▶ **Task item**
Down to the last line of the listing, starting at the one with "CẢM ƠN NHÀ ĐỒNG", retype each line exactly. Do not copy the pictures.

▶ **Raw data**
****************

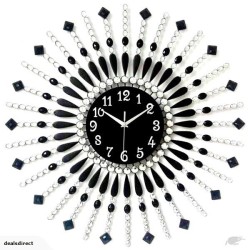 Beautiful Contemporary Wall Clock Set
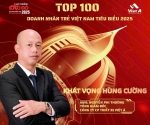 CẢM ƠN NHÀ ĐỒNG TÀI TRỢ ĐẠI HỘI ĐẠI BIỂU HỘI DOANH NGHIỆP TRẺ HÀ NỘI LẦN THỨ IX, NHIỆM KỲ 2026 - 2031: CÔNG TY CỔ PHẦN THIẾT BỊ VIỆT Á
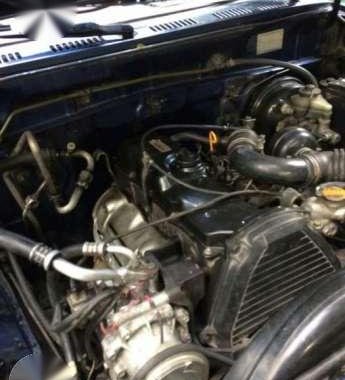 Toyota Revo SR 2000 MT Blue For Sale 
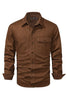 Load image into Gallery viewer, Men&#39;s Workwear Washed Cotton Shirt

****************

▶ **Problem solution**
 CẢM ƠN NHÀ ĐỒNG TÀI TRỢ ĐẠI HỘI ĐẠI BIỂU HỘI DOANH NGHIỆP TRẺ HÀ NỘI LẦN THỨ IX, NHIỆM KỲ 2026 - 2031: CÔNG TY CỔ PHẦN THIẾT BỊ VIỆT Á
 Toyota Revo SR 2000 MT Blue For Sale 
 Load image into Gallery viewer, Men&#39;s Workwear Washed Cotton Shirt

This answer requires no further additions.